Attorney General Andrew Cuomo sounds more like a gubernatorial candidate these days, which means he apparently has decided to take on his fellow Democrat, Governor David Paterson. Some Democrats may rue the prospect of a potentially bruising and divisive intraparty squabble, but their concerns are misplaced. New York is in deep financial trouble, and voters need to hear a vibrant, candid debate about how we got into this mess, and how we’ll get out of it. If Mr. Cuomo thinks his ideas are better than Mr. Paterson’s, well, we should hear them.
There is an argument to be made that Mr. Cuomo would be a stronger candidate than Mr. Paterson—an accidental governor—in November. But that is for Democrats to decide.
Voters want answers, not strategies. A Democratic primary—and, for that matter, a Republican primary as well—would encourage a long, vigorous discussion about the Empire State’s dysfunctional system of governance.

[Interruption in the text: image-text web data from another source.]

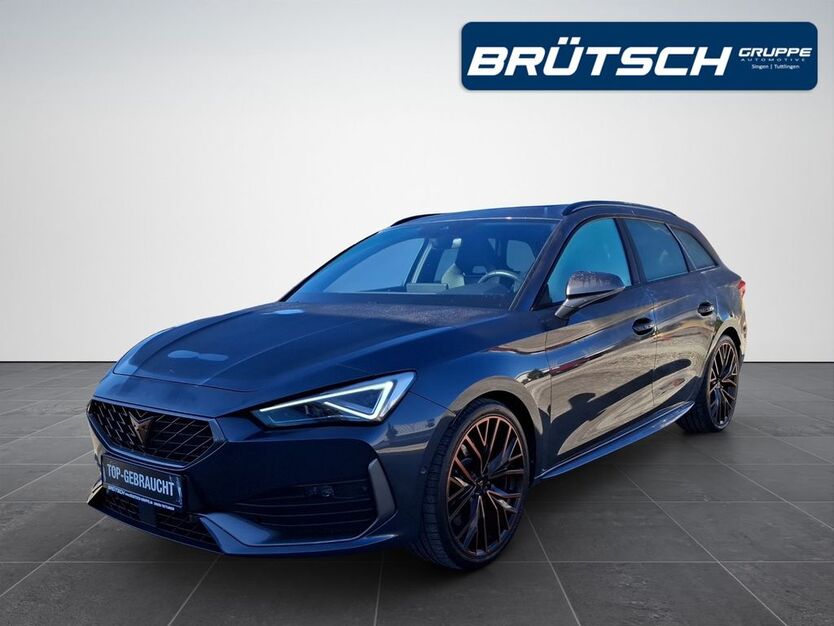 Cupra Leon 17.500 km 38.580 € Singen 78224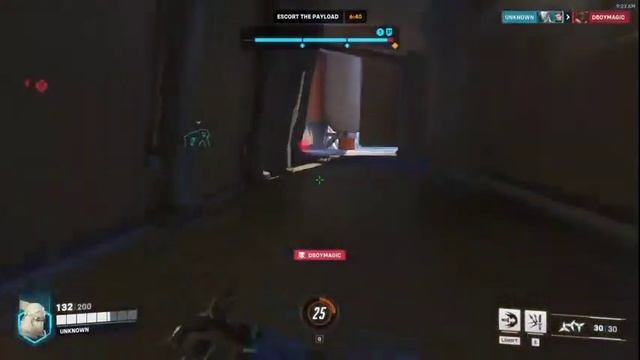 Час зрелищного боя за Гензи в Overwatch 2 без комментариев 🎮⚡
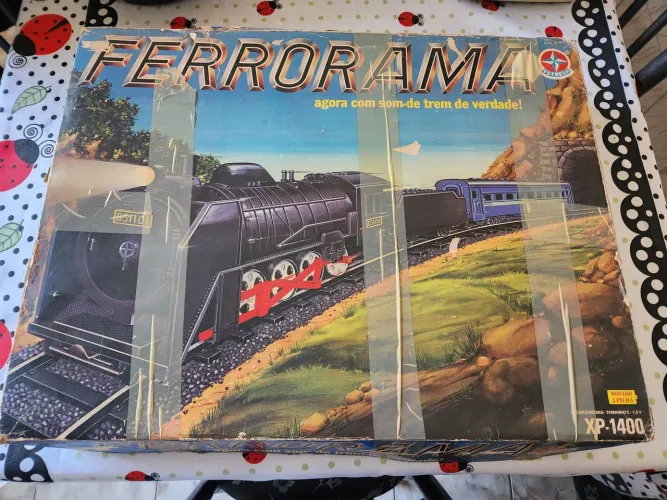 Ferrorama estrela xp 1400
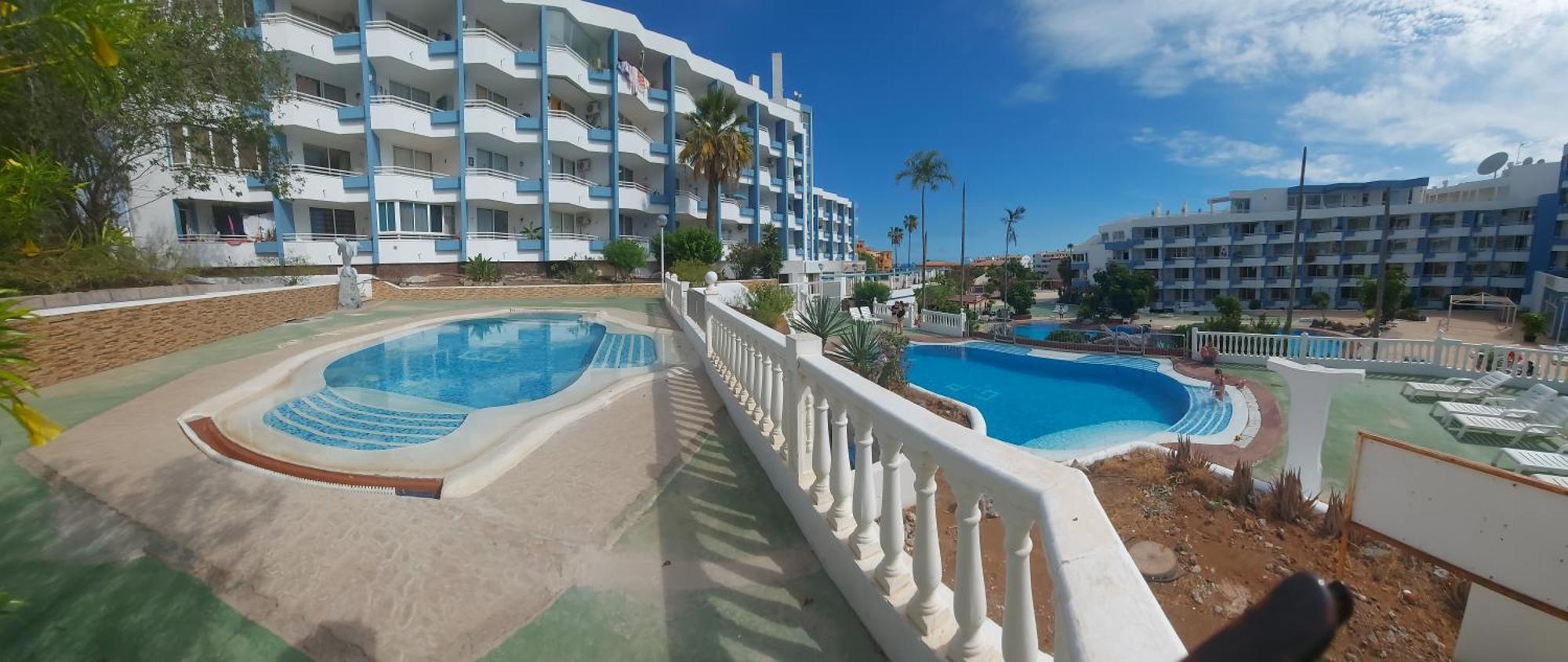 Apartamento Golf Del Sur Сан Мигель Экстерьер фото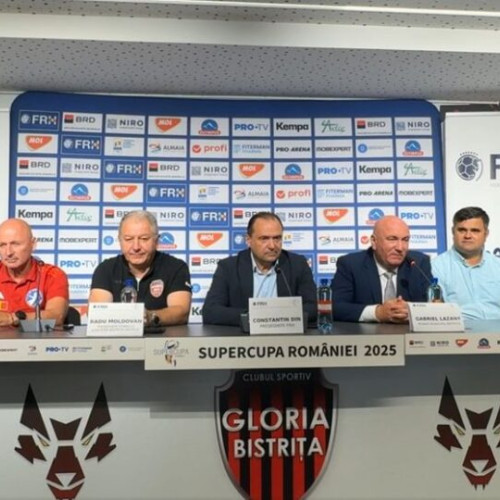 Bistrita devine capitala handbalului românesc în acest sfârșit de săptămână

If Mr. Cuomo decides to proceed, he’ll have to put aside his record as attorney general (which has been very good) and tell us how he’ll manage the fiscal disaster that is Albany. If he tries to position himself as a populist outsider who understands the public’s frustration, he runs the risk of prompting a collective rolling of the eyes. Mr. Cuomo, after all, has been a presence in state politics since his father, Mario Cuomo, became governor in 1983.
Vague populism may be in vogue at the moment, but windy outrage won’t suit Mr. Cuomo. He has to remind us that he can do more than echo the public’s frustration—he can actually fix what’s broken because he knows how it works.